For that day, four years ago Thursday, to shape up properly, Mike Rizzo had to sit through the snow and spit of a western New York spring to decide whether a 19-year-old outfielder could withstand the brilliant sunshine of Los Angeles, of Dodger Stadium, of the big leagues.

In April 2012, the Washington Nationals were off to a fine start, just as they are this season. But their offense was uneven, and their best hitter, Ryan Zimmerman, was out of the lineup with an ailing shoulder.

“We needed a spark,” said Rizzo, the Nationals’ general manager.
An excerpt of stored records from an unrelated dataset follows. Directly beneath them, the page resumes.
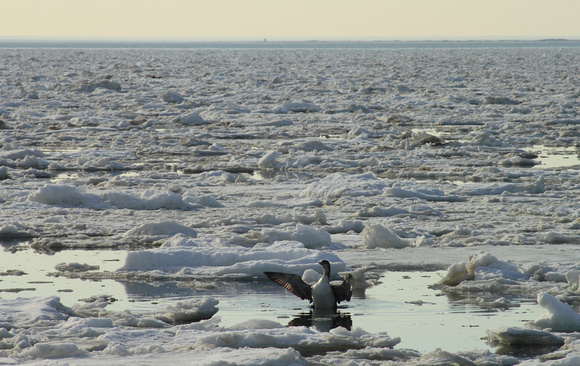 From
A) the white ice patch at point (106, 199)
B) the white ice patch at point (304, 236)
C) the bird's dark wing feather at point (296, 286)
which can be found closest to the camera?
the bird's dark wing feather at point (296, 286)

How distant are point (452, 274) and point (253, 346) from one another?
173 cm

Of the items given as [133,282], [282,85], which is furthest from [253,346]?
[282,85]

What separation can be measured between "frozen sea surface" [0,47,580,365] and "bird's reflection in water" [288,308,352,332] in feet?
0.06

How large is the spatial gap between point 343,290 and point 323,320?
267 millimetres

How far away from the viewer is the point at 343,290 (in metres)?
4.68

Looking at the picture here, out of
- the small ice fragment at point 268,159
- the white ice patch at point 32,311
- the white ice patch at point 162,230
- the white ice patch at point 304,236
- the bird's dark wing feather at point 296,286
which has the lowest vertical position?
the small ice fragment at point 268,159

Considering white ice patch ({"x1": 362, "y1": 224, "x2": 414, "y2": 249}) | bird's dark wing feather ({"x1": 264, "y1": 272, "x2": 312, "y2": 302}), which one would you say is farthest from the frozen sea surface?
bird's dark wing feather ({"x1": 264, "y1": 272, "x2": 312, "y2": 302})

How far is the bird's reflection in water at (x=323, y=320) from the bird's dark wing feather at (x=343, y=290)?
0.26ft

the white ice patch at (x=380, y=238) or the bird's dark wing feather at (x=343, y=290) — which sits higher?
the bird's dark wing feather at (x=343, y=290)

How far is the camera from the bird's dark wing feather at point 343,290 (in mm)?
4680

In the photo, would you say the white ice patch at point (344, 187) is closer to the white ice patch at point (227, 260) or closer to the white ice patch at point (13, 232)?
the white ice patch at point (227, 260)

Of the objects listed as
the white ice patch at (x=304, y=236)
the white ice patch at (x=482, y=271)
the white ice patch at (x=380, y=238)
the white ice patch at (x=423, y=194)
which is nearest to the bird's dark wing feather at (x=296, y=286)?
the white ice patch at (x=482, y=271)

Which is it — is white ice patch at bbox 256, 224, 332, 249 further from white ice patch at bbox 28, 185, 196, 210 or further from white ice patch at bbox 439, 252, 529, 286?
white ice patch at bbox 28, 185, 196, 210

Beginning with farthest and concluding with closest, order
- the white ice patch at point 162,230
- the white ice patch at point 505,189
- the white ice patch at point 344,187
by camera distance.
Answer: the white ice patch at point 505,189 < the white ice patch at point 344,187 < the white ice patch at point 162,230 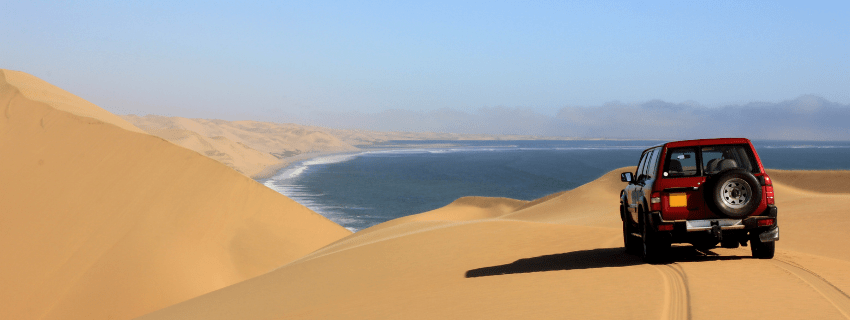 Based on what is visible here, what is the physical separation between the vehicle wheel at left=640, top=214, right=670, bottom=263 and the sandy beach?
0.17 meters

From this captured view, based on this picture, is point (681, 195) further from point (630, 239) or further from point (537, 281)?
point (630, 239)

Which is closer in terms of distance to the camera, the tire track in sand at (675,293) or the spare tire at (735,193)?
the tire track in sand at (675,293)

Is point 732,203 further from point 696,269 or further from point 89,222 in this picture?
point 89,222

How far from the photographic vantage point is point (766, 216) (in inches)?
338

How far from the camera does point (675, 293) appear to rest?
7312 millimetres

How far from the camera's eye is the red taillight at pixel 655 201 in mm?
8891

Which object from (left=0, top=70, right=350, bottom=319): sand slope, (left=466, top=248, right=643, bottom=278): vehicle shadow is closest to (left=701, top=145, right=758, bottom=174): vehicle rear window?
(left=466, top=248, right=643, bottom=278): vehicle shadow

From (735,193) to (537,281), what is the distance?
2854mm

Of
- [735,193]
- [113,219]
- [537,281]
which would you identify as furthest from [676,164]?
[113,219]

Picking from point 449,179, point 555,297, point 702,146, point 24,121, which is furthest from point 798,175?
point 449,179

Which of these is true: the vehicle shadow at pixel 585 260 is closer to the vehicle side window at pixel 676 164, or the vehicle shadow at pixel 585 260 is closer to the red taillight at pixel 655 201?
the red taillight at pixel 655 201

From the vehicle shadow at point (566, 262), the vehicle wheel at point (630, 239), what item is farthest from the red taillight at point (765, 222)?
the vehicle wheel at point (630, 239)

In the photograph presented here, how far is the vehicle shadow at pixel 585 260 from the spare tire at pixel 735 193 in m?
1.52

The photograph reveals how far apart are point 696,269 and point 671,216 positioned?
2.59 feet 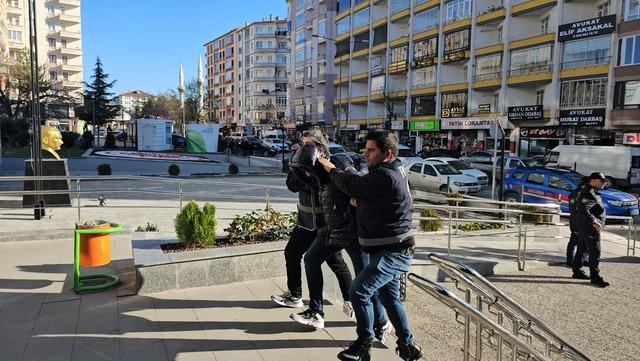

So he searched for one in Rochester, New York, where Las Vegan Bryce Harper played center field for the Syracuse Chiefs. Rizzo arrived unannounced and for a day tried to fade into the furniture. But when he emerged for batting practice before one game, Harper saw him. The Nationals, Harper knew, were headed to Los Angeles.

“Why are you here?” Harper remembers asking.

“I just wanted to watch you guys play,” Rizzo lied.

“I’m like, ‘Yeah, there’s no chance you want to be here,’ ” Harper said. “I was definitely suspicious.”

The suspicions were justified. After Rizzo watched three games in two days, the Nationals promoted Harper to the majors. Four years ago Thursday, Harper walked into Dodger Stadium and found his name on the lineup card, hitting behind second baseman Danny Espinosa and ahead of catcher Wilson Ramos, in seventh.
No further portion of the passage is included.